But too often, the themes seem to be forced upon the material.
“I have become terrified of art,” is his first sentence, followed by instances of art operating upon fate. He visits Boris Pasternak’s aged sister, and fancies that a youthful portrait hanging on her wall has literally drained her of her beauty. He notes that Pasternak’s son suffered a heart attack on the same street--years later--where the writer set Dr. Zhivago’s own heart attack. In class, Thomas recites a poem about a wounded bird; a few minutes later, a student enters, carrying a wounded bird.
It is a stagy, vehement sort of connection, and the staginess thickens. After a visit to his mother, the old woman suggests that Thomas and his wife break their trip at Bristol. Sure enough, their car breaks down and they spend the night there. Thomas, a Cornishman with a Welsh name, oozes presage; the ghosts that illuminate his novels snore in his everyday ham and eggs.
As befits a haunted man, Thomas is irascible, captious and jumpy. He scoots back and forth, in time and in topic. It is not until close to the end, for instance, that we make out the three-way relationship between the author; his childhood sweetheart and ex-wife, Maureen; and his other ex-wife, Denise.
He divorced Maureen after taking up with Denise. He married Denise and divorced her. He then went back to live with Maureen--platonically, it seems--while visiting Denise every evening.
It is a permutation of a kind that creates a marvelous sense of erotic displacement in Thomas’ books. In real life, it’s messy. The author is upset and shocked when Maureen disrupts the arrangement to marry someone else.
What was her complaint, he wondered. He had given her a house, a decent standard of living, his permission to wander. “Surely she knows how I relished her good cooking, her home-making, our comradeship, her unswerving loyalty?”
As for Denise’s dissatisfactions, he continues his injured musing:
“She had a fulfilling career and a child. I knew she resented the way I could pick up my book and leave at the end of an evening; yet she saw as much of me as many a wife, say, of a long-distance lorry driver; had good holidays; and she didn’t have to feed me or wash my socks.”
This is so absurd that it sounds like self-parody. I don’t think it is; nor do I think that Thomas is really oblivious to how awful he sounds. I think he is stripping himself with a vengeance, stressing his awfulness and perhaps, as if one of his fictional characters, touching it up.
He tells of seducing one of his students when Maureen is away at his aunt’s funeral. He tells of being admonished twice by a Minnesota dean for sleeping with co-eds.
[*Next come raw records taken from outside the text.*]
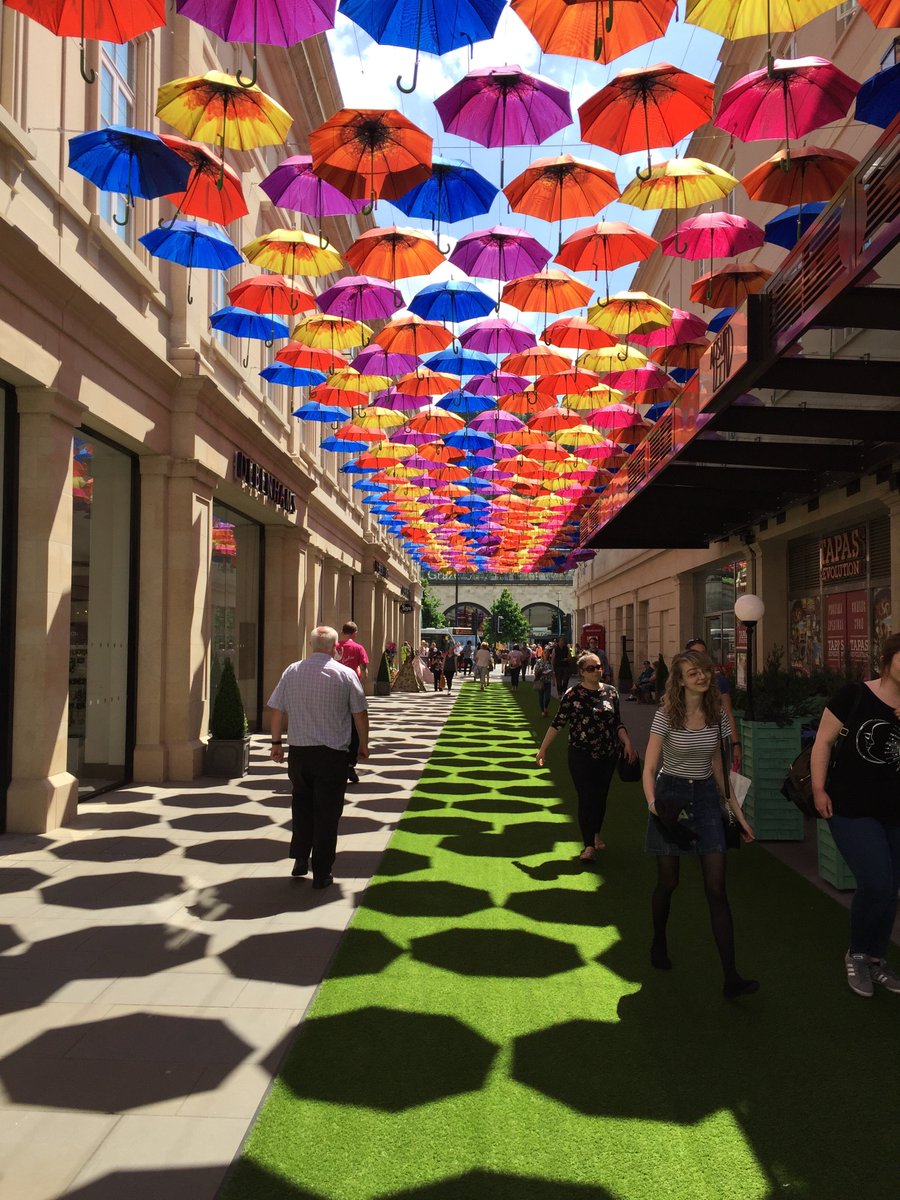 OnDesignPodcast's tweet photo. No umbrellas required in beautiful Bath, where we’re recording with @osbornepike for an upcoming episode #podcast #design https://t.co/3jMhgVJSJO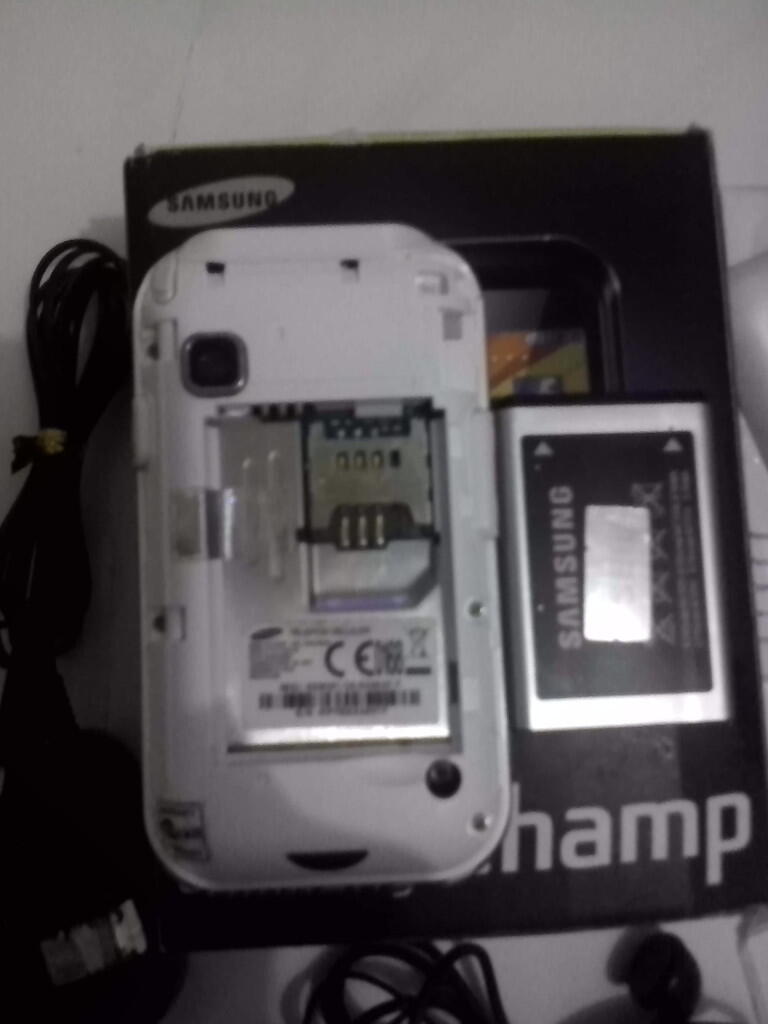 SAMSUNG CHAMP GT C3303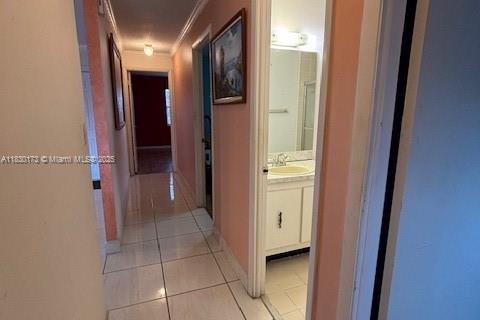 Casa en venta en Miami, Florida, 4 dormitorios № 1804593 - foto 12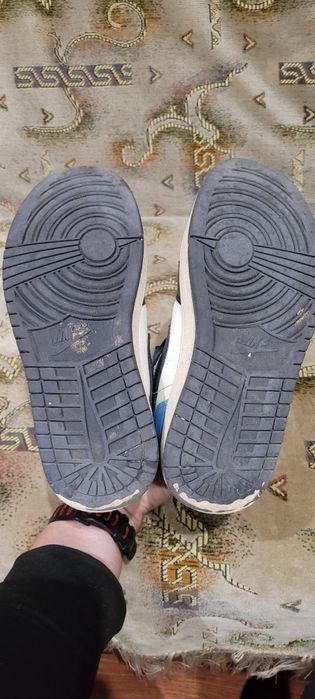 Продам кросівки Кросівки  Nike Air Jordan 1 Retro High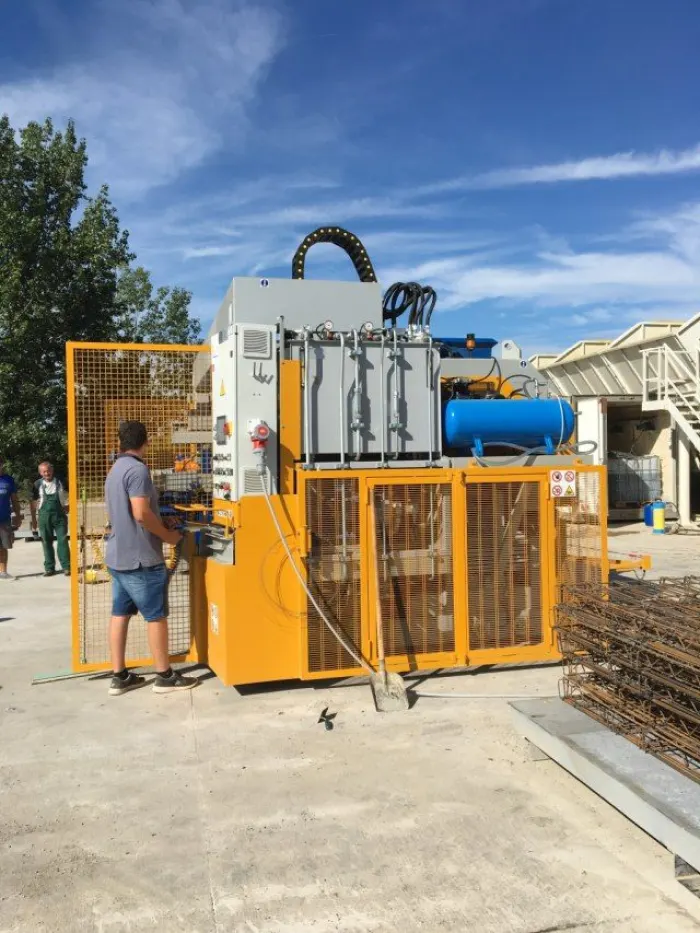 Vibrocast betontermék gyártó gépek – FACT-Plus referencia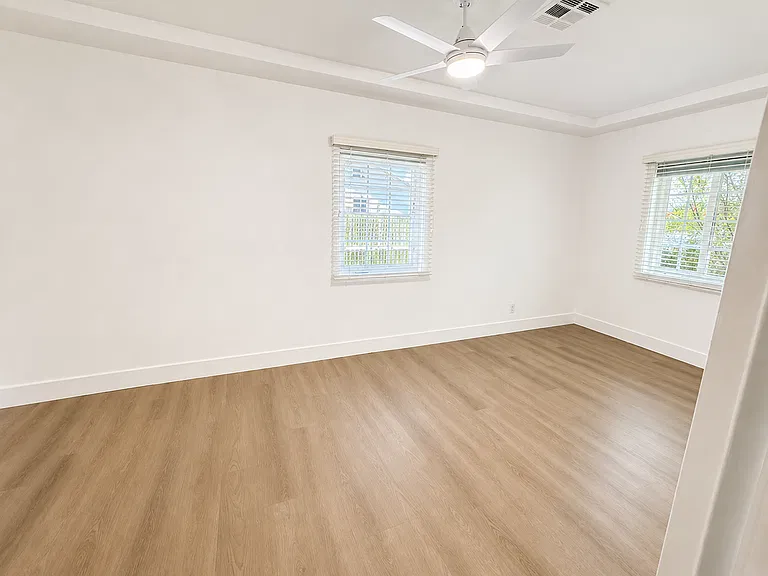 917 N Mariposa St — Photo 17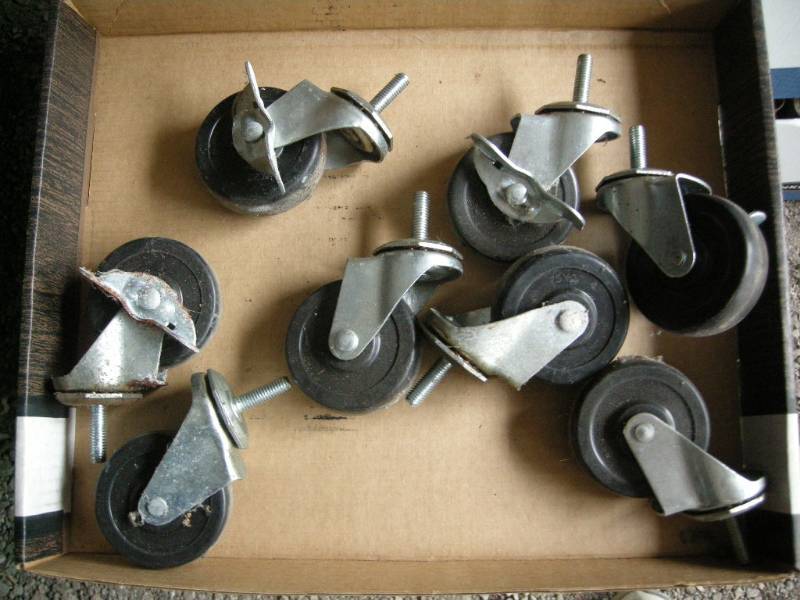 lot 117 image: 8 Castor Wheels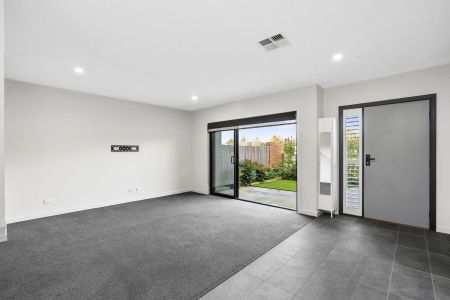 3/9 Braybrooke Street, - Photo 2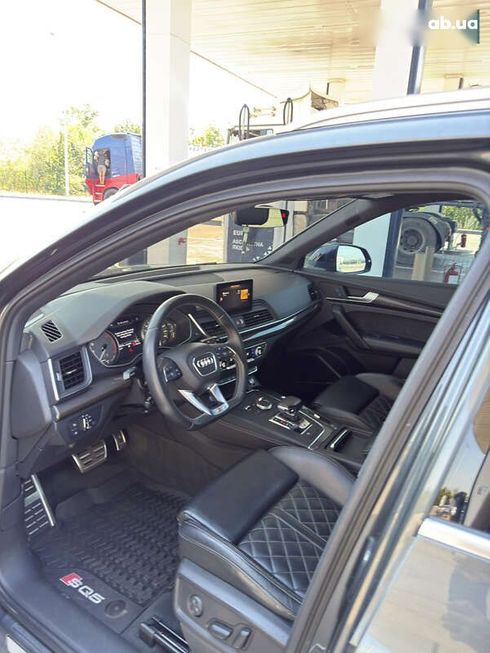 Audi SQ5 2018 - фото 28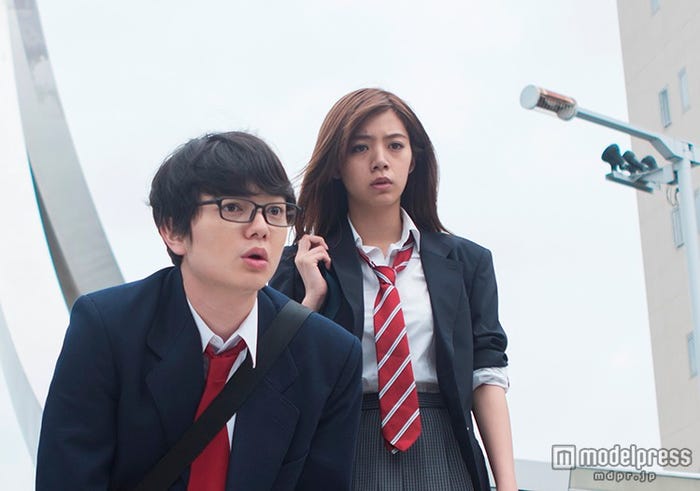 (左から)染谷将太、池田エライザ(C)若杉公徳/講談社 (C)2015「映画 みんな!エスパーだよ!」製作委員会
And he tells of standing behind a young woman who is doing his wife’s hair, and surreptitiously fondling her, while all three watch televised accounts of President Kennedy’s death. That’s Eros and Thanatos enough for anyone.
It is extravagant and often grisly; this self-display or self-invention. Yet the wildness can become touching, because Thomas has a poet’s mind, even if his finest poetry is found in the satiric wit, the prophecy, and the hallucinations of his novels.
Even so, there are some splendid passages. His account of his father’s slow death after an apparently routine prostate operation is a vivid picture of the sadness of disintegration. His account of his own hideous kidney stone operation--another linkage--is chilling.
And there are interesting accounts of working on his novels. “Hotel” came almost in a rush; “Ararat” and “Swallow” were harder; “Sphinx” was much harder. There was a fourth novel; technically, the series was a quartet, not a trio. But “Summit” is so inferior that perhaps it will disappear. Here is Thomas’ own brutal account of writing it:
“ ‘Writing,’ though, doesn’t seem the right word: I’m typing it with a kind of dementia. It’s crude, over-the-top stuff, akin to my feelings; I can’t stop for thought, for revision; the subtleties of a novel are now beyond me.” And he adds, in a kind of incandescent dismay: “I’m like a frenzied Improvisatore on a stage, gabbling into the darkness.”